The planned redevelopment of Blue House roundabout is required, the council say, for safety reasons.

Plans tabled by the council on July 20th would see a significantly larger roundabout, controlled by traffic lights, replace the current smaller – infamous – roundabout. This new roundabout would encroach on Town Moor land currently owned by the Freemen of Newcastle.

“We have a responsibility to ensure that the Blue House junction becomes safer, and that it does not constrain growth (particularly housing/employment growth in North Tyneside and Northumberland in addition to our city) so we need to make changes at this location,” the council say.

The proposed plans, drawn up by planners based at AECOM, an engineering firm with offices in Newcastle and Leeds – the latter where the plans were produced – have not been warmly welcomed by residents.

Of 107 comments published on the project’s consultation page at the time of publication, just seven are marked as positive.

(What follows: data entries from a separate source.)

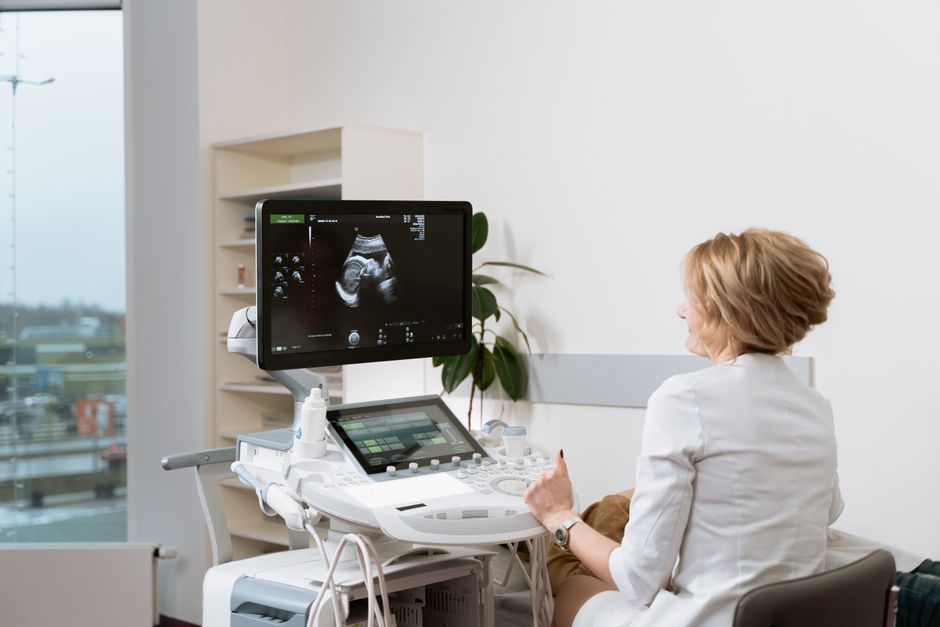 Surgeon reviewing a medical scan with a patient during consultation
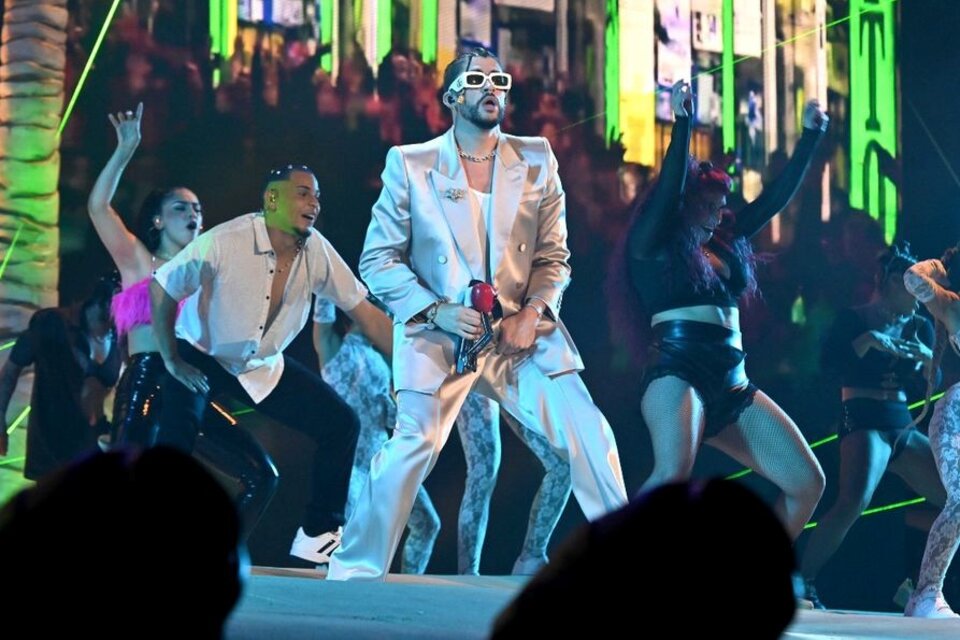 Bad Bunny actuó en el Yankee Stadium en el marco de los MTV Video Awards 2022. Imagen: AFP. 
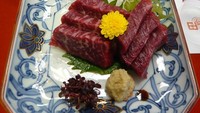 Sashimi kuda termasuk umum dimakan di seluruh Jepang. Rasanya disebut lebih kaya daripada daging sapi mentah.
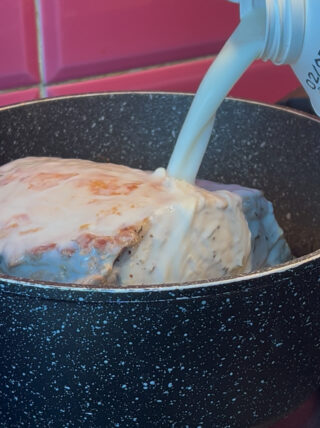 Preparazione dell’arista di maiale al latte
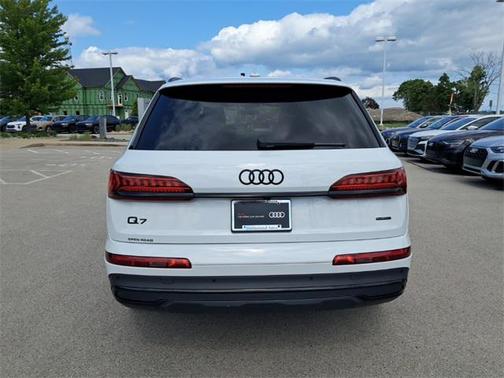2022 Audi Q7 55 Premium Plus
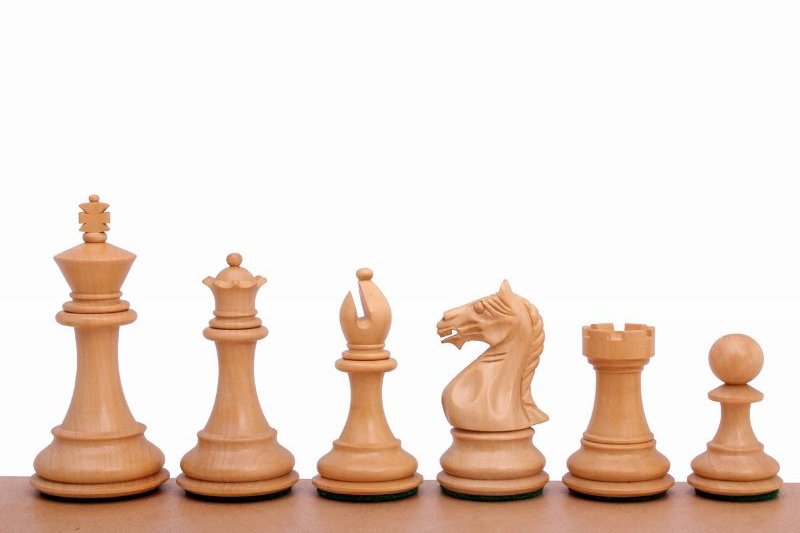 Pièces d'échecs suprêmes de 3,5 pouces ébonisées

Only three of those actually contain comments in favour of the idea, with other respondents complaining that they had marked comments as positive by mistake.

One response on the council’s consultation page called the plans “an obscenely large roundabout”. Newcastle City Council acknowledge in their introduction to the plans that “the design we are proposing is a much bigger roundabout than the current layout, with traffic lights controlling access to the system.”

Many responses on the council’s website and social media focus around the impact the plans will have on the Town Moor. One tweet claimed that more than 100 trees will be lost if the plans, as tabled, go ahead.

Resident bodies and lobby organisations have also reacted badly to the plans. The Newcastle Cycling Campaign called the mooted changes “fundamentally wrong”.

Local resident Simon Ross told JesmondLocal “I am somewhat stunned by a proposal to create a motorway style junction in the middle of a well used public park next to a residential area.”

The proposed scheme would create four traffic lanes along Jesmond Dene Road between the junctions with Osborne Road and with Moorfield, up from the current three lanes.

Were the plans to go ahead, the council would swap land it currently owns in Kenton for acreage on the Town Moor that would allow it to build the new, larger roundabout, it was revealed in documentation submitted in support of the plans.